**What you need to do**
In the listing below, start your output at the line with "of business activity." and end it after the line with "Chris Roberts - La", copying every line exactly.

::::::::::

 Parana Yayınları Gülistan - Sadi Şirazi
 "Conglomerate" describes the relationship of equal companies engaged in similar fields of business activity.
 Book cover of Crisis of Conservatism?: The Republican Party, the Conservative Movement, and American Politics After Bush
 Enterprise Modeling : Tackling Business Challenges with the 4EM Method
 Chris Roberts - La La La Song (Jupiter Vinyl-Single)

::::::::::

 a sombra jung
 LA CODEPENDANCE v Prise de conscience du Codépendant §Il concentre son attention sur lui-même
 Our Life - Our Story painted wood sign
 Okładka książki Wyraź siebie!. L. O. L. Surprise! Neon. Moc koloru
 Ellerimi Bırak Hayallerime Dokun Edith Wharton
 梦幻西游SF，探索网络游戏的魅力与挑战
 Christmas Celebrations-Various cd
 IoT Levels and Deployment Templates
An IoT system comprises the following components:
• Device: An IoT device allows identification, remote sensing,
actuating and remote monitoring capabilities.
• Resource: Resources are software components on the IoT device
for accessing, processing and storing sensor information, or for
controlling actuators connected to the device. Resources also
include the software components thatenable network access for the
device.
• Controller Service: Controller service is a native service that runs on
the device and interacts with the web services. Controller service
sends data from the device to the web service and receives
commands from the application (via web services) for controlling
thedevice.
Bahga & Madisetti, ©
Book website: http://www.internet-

::::::::::

**Reply**
 "Conglomerate" describes the relationship of equal companies engaged in similar fields of business activity.
 Book cover of Crisis of Conservatism?: The Republican Party, the Conservative Movement, and American Politics After Bush
 Enterprise Modeling : Tackling Business Challenges with the 4EM Method
 Chris Roberts - La La La Song (Jupiter Vinyl-Single)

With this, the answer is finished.